Well, in 2013, Apple has this political awakening period where Xi Jinping comes in, comes, comes in power and there’s sort of a new sheriff in town, uh, mentality. And Apple sort of learns to, uh, speak the local language and ingratiate itself with provincial and federal officials. It’s also the same year that they decide to start buying back their shares. And as viewers might know, they buy about $100 billion worth of their own shares each year, an absurd amount of money equivalent to the top six or seven street, uh, Wall Street banks in terms of how much they spend on buybacks. If Apple instead decided to build resiliency into their supply chain, and was spending half of that figure on building resiliency in places like India, perhaps in places like Mexico, I mean, you could have had the consolidation that they’re claiming to do now into India 12, 13 years ago. And actually Apple would be in a great position now. So this is where things get a little bit personal because, you know, if Tim Cook is the guy, the buck stops with him for building the world’s most sophisticated supply chain. Great. I give Tim Cook all the credit for that. But if the problem is that he put all his eggs in one basket and then continue to double down as that basket reveals itself to be an authoritarian surveillance state, the buck still stops with Tim Cook.

06:12 Speaker A

If you’re aware of this issue, Patrick, and it was this kind of existential issue, then Cook would be aware of this issue. Um, and I was talking to an Apple analyst and I asked him why he’s still bullish long-term. And he said, you know, I agree there’s these sort of issues, and one of them is supply chain, he brought up. But I said, why are you still bullish then? And he said, because of the install base. And I think they have an install base like no other. They have fans all over the world, billions of devices, and they’re loyal and they’re locked in. His point being that Apple is unique in that sense, in that Cook and Company have time, years as he put it, to figure out some of these issues unlike other rivals and peers. What do you, what do you make of that argument?

07:12 Patrick McGee

So first of all, I agree with all of that.

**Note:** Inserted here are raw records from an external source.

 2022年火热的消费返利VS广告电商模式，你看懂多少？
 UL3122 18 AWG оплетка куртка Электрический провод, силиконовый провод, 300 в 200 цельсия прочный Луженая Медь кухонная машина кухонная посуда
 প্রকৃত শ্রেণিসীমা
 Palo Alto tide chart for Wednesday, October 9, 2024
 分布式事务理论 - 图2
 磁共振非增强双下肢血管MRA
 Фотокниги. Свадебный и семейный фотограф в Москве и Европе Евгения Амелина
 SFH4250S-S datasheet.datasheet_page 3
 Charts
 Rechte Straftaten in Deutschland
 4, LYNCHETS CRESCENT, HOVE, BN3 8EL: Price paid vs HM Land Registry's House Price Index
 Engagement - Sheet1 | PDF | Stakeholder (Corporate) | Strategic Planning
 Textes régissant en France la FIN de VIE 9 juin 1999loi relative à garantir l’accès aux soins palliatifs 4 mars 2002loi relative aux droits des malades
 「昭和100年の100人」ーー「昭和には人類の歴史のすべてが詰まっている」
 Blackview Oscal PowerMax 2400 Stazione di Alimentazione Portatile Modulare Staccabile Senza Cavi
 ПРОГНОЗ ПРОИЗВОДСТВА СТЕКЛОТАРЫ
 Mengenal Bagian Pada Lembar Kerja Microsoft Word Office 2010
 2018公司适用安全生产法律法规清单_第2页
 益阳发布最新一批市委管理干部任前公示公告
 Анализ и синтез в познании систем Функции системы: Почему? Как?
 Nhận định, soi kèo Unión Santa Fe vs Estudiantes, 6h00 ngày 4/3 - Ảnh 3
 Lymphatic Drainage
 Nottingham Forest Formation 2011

And where this story came from was that as a reporter, I got uncomfortably bullish about Apple in 2022 because I was looking at the sort of steady accretion from Android to iOS. And particularly generationally, like our generation is 50/50 Android to, to, uh, iOS. The next generation in America is nine out of 10 high schoolers have an iPhone, right? And the blue bubble lock-in and everything like that is testament to how the company can continue growing. So in that sense, I’m massively bullish on it.

07:45 Speaker A

Did you work with Apple on this? Did they participate?

07:49 Patrick McGee

No, not at all. I’m, I’m very familiar on a first-name basis with lots of Apple PR people. I would compare them to intelligence agents to a foreign country. They exist to extract information. They are not there to help you. They are there to pretend to help you. And so I couldn’t give them the window that you usually, like, as a reporter, you give Apple 48 hours, you give them 72 hours. You say, here are the claims, no surprise policy. This is what I’m going to do. I submitted this manuscript before, obviously, some revisions, last September. I could not give Apple eight months to get their ducks in a row to respond, to build a smear campaign, whatever it is they’re going to do. That, it was just untenable. And I spoke to other authors who wrote Apple books and they said, you know, Apple stonewalls or not very helpful. And I didn’t really even need to be told that. I already knew that.